(Image-text web data)
# # # #
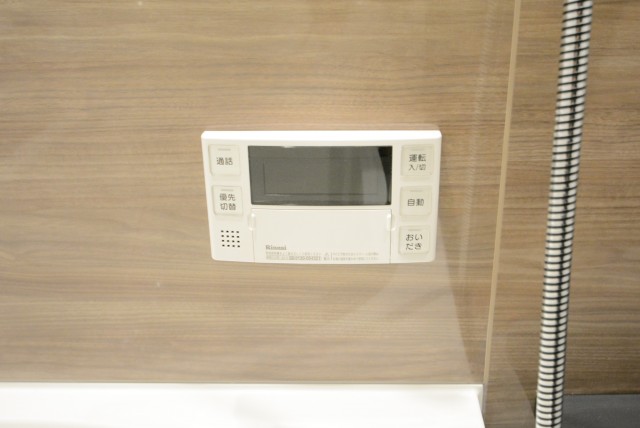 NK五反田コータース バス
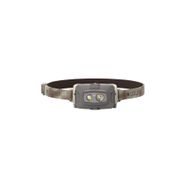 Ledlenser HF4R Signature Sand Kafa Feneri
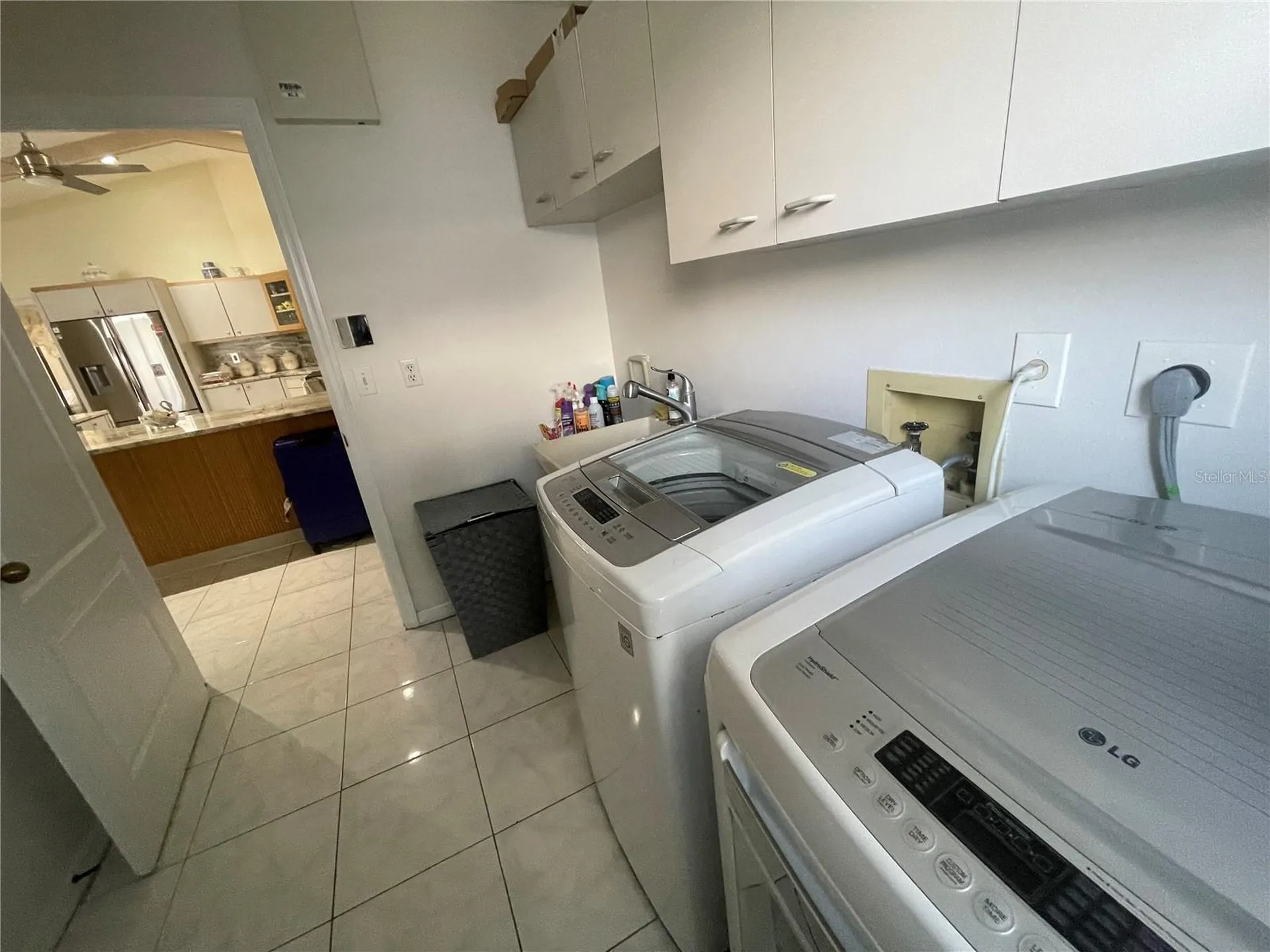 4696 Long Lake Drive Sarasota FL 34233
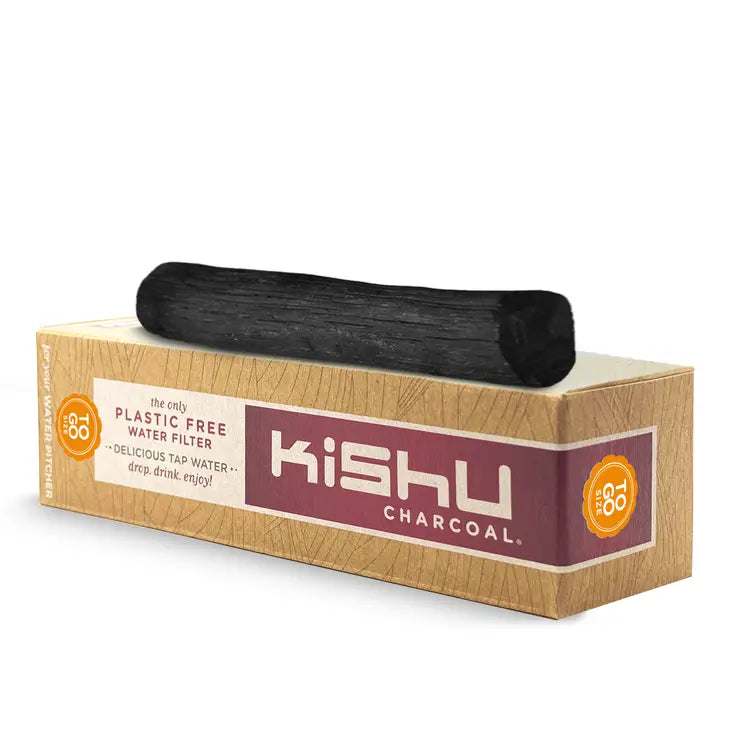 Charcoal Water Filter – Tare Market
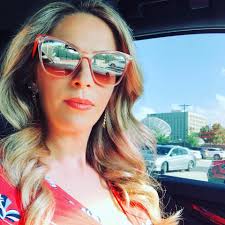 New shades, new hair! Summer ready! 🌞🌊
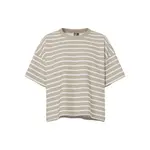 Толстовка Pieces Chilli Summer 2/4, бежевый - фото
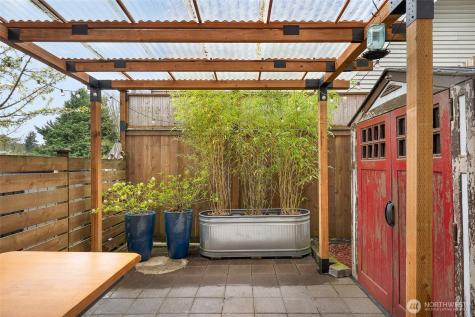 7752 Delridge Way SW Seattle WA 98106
# # # #
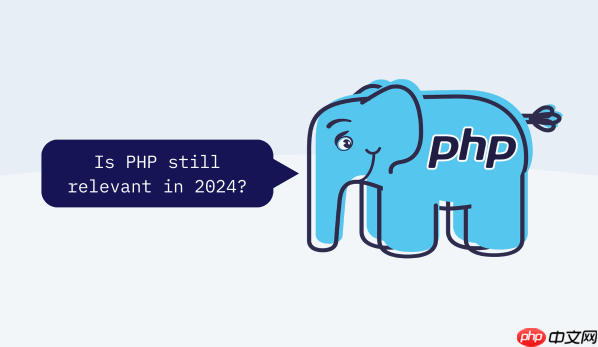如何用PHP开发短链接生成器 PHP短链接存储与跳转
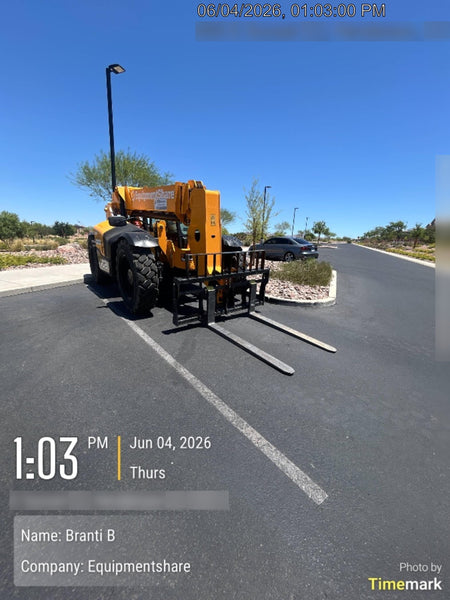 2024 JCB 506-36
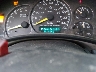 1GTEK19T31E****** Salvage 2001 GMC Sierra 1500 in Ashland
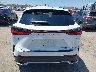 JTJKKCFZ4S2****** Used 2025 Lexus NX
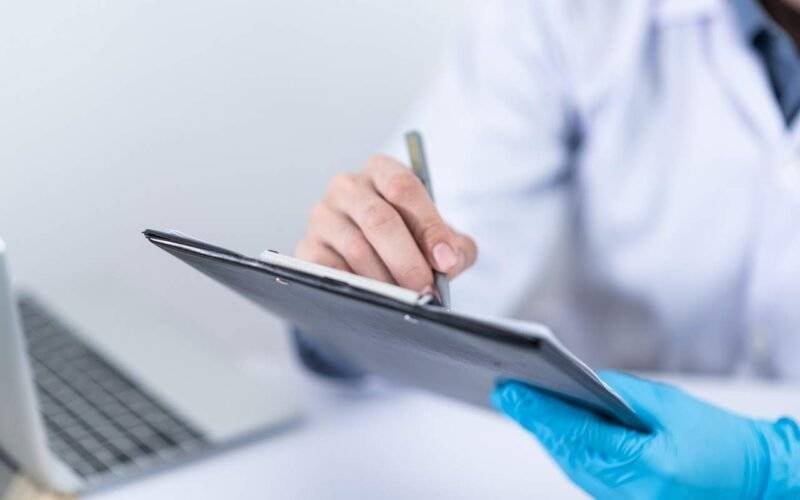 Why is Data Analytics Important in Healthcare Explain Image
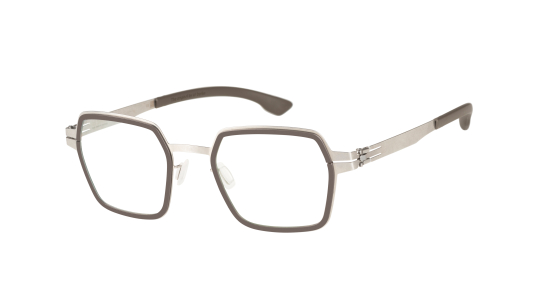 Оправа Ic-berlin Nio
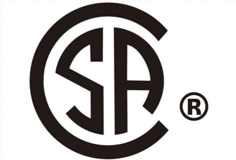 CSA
# # # #
Although pictures appear among the records above, write out exactly only the lines from the one that has "Толстовка Pieces Chilli" through the one that has "7752 Delridge Way SW Seattle WA 98106", and leave the pictures out.

# Answer box:
 Толстовка Pieces Chilli Summer 2/4, бежевый - фото
 7752 Delridge Way SW Seattle WA 98106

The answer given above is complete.